Mes deux parents avaient une demi douzaine de frères et sœurs. En grandissant, cela ne m’est jamais venu à l’esprit que les deux côtés de la famille pourraient disparaître en une génération. Encore que le nom Royal, dans son incarnation actuelle, aurait disparu dans quelques années si mon fils Jean-Paul et son épouse n’avaient pas eu Jean-Robert Royal.

Notre catastrophe sociale a de nombreuses causes : l’échec des parents, des églises et des écoles, des changements dans le travail ouvrier, la désastreuse décomposition de la famille dans la suite de la révolution sexuelle et, ce qui n’est pas la moindre, l’irresponsabilité de Washington. Il y a des tas de fautes à constater et plein de travail à faire pour rétablir des pans complets de la société américaine.

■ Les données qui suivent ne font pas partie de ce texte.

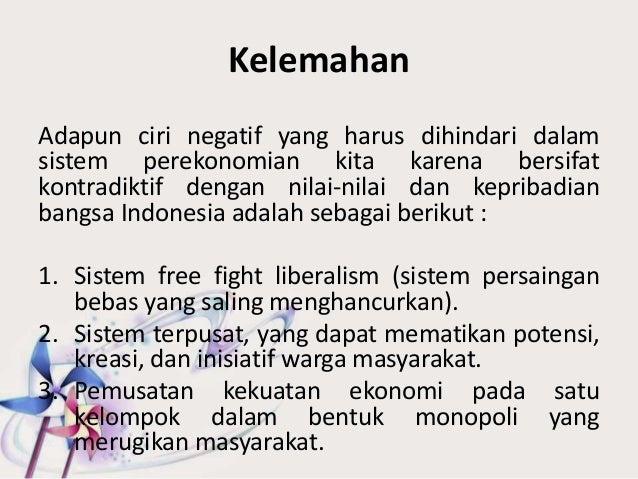 Permasalahan ekonomi (analisis sistem ekonomi) Permasalahan ekonomi (analisis sistem ekonomi)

Je me rends au bureau de vote local en novembre. J’habite en Virginie, un État-charnière important ou de grands enjeux politiques se déroulent : sénateur, mairie, État et questions locales.

Je ne vais pas me laisser aller à des jugements catégoriques : cela consisterait à céder aux passions du moment que je trouve mortellement dangereuses. Mais si les choses se poursuivent telles qu’elles sont – et il est toujours possible que le Très Haut nous épargne ce qu’ils ne feront pas- Je pense que la meilleure chose à faire serait de ne pas voter aux présidentielles. Ou alors de m’inscrire pour un candidat sensé et pas seulement investi dans le faire.
Ce ne sera pas un vote gaspillé. Gaspiller un vote c’est penser que choisir l’un ou l’autre des favoris actuels est une chose responsable à faire.

J’entends constamment que ceux qui choisissent de ne pas voter n’ont aucun droit de se plaindre. Ou – dans la jargon des années 60 – ne pas décider est une décision. Mais « rien de tout cela » n’est une décision. Je ne choisis pas de mourir comme un crapaud dans un fossé, ou de détruire par le feu. Donc à moins que quelque chose – cela nécessiterait probablement une intervention divine – ne me convainque d’agir autrement, il est probable que je laisse le reste aux mains de la Providence.

2016 : Tweedle-Dee and Tweedle-Dum (cf. Alice au pays des merveilles).